Regaining control over Hong Kong has been crucial in assisting in developing this. Hong Kong being an integral part of the global banking system built by Britain and the US. China has enabled alternative trade payments with Iran and Russia to enable them to bypass the US/SWIFT sanctions imposed upon them- demonstrating that capacity to others who might be interested. Chinas ability to now supply almost all of the manufactured product lines required for a modern economy assists in this.
With Russia and Iran now settling their oil and gas trade outside of the SWIFT/USD hegemony others are also showing interest. The Saudis and others have recently joined BRICS and mBridge. More recently BIS abandoned its patronage of mBridge because it had reached a point where it could be used to breach SWIFT sanctions. With Iran, Saudi Arabia and UAE as members, Brics countries produce about 44% of the world's crude oil.
How exactly China enables trade payments for Russia and Iran is unclear- but we know is it is not directly via SWIFT and probably denominated in Yuan. Like the shipments themselves which are done mostly using 3rd tier tankers and small non state independent Chinese oil traders called teapot refiners, the payments appear to be made via a shadow banking network. One outside of US/SWIFT control and jurisdiction. Demonstrating such a capacity appears to have attracted the interest of the Saudis whose secret preferential access to USTs over 50 years ago formed the basis of the petrodollar. Trumps tariffs alienate traditional allies of the US, like Europe, Japan and others and the trust in and reliance on the USD is weakened. This advances the use of the Euro and the potential for Chinas mBridge and other mechanisms to be used instead of USD.
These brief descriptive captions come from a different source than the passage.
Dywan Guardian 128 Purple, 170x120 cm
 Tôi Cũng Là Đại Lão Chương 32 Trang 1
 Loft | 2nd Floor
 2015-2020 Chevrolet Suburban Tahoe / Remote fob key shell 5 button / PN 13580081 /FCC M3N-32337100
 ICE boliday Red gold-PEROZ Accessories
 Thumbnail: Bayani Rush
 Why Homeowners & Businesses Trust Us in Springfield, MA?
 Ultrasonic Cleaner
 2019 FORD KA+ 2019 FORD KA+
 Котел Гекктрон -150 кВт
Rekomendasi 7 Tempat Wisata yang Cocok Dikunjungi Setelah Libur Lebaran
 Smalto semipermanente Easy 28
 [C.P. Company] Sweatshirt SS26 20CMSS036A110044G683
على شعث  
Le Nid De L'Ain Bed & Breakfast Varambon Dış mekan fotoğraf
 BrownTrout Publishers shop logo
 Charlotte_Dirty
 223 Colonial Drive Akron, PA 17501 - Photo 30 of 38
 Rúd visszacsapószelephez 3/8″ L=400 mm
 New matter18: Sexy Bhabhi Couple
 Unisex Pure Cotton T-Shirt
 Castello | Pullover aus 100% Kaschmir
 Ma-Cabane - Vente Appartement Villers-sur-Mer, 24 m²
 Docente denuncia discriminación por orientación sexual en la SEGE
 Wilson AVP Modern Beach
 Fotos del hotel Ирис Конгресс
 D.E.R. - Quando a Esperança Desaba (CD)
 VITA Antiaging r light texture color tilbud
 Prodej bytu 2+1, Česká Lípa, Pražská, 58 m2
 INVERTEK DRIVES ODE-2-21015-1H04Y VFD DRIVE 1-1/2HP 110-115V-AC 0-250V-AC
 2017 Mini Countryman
Europe was long reluctant to sanction Iran but could be relied upon to support the US sanctions in the end. That unity of western powers is now much reduced.
There is an opening for China to rapidly advance its long held ambitions to launch an alternative or alternatives to the USD/SWIFT hegemony. They could more probably now involve links with the Euro, Yen and other major economies.
Since the IMFs reserve currency board invited China to join its exclusive club post GFC, because of Chinas huge economic ballast and significance in the post GFC recovery, China has been an integral part of the traditional SWIFT/USD hegemony- but at the same time has been working to build alternatives.
China was and still is the only IMF reserve currency board member that is not monetarily and militarily subservient to the US.
Chinas CBDC appears to be crucial to its trade payments protocol ambitions- Jack Mas alipay posed a threat to Xis CBDC and Ma was swiftly sidelined. Now China is in a better position than ever before to match its trade mass leverage with trade payments infrastructure. mBridge is a protocol designed to enable trade payments between nations using their respective CBDCs. So it is a global monetary system protocol designed to succeed SWIFTs 1960s analogue technology. Ever since the Opium Wars where Britain positioned its banks in Hong Kong and enable predatory trade upon China, China has understood the strategic alignment of moinetary and military systems.
As China now builds most of the worlds merchant shipping it also builds most of the worlds military vessels...and it along side military expansion building the monetary protocols to align with and be supported by its military power projection. It took more than 100 years for China to assimilate and respond to western imperialism, but it has learned the lessons we imposed...and is now reverse engineering the mechanisms we employed- mercantilism, militarism and monetary hegemony.
USA and The West in its woke entitled spendthrift fiat debt funded indulgence has been caught vulnerable and now, in disunity.
Trumps tariffs, crude and short term fixes that they are, recognise the urgency of the challenge. They should enable the roll over of debt obligations expiring this year, but for how long? The market will speak its judgement.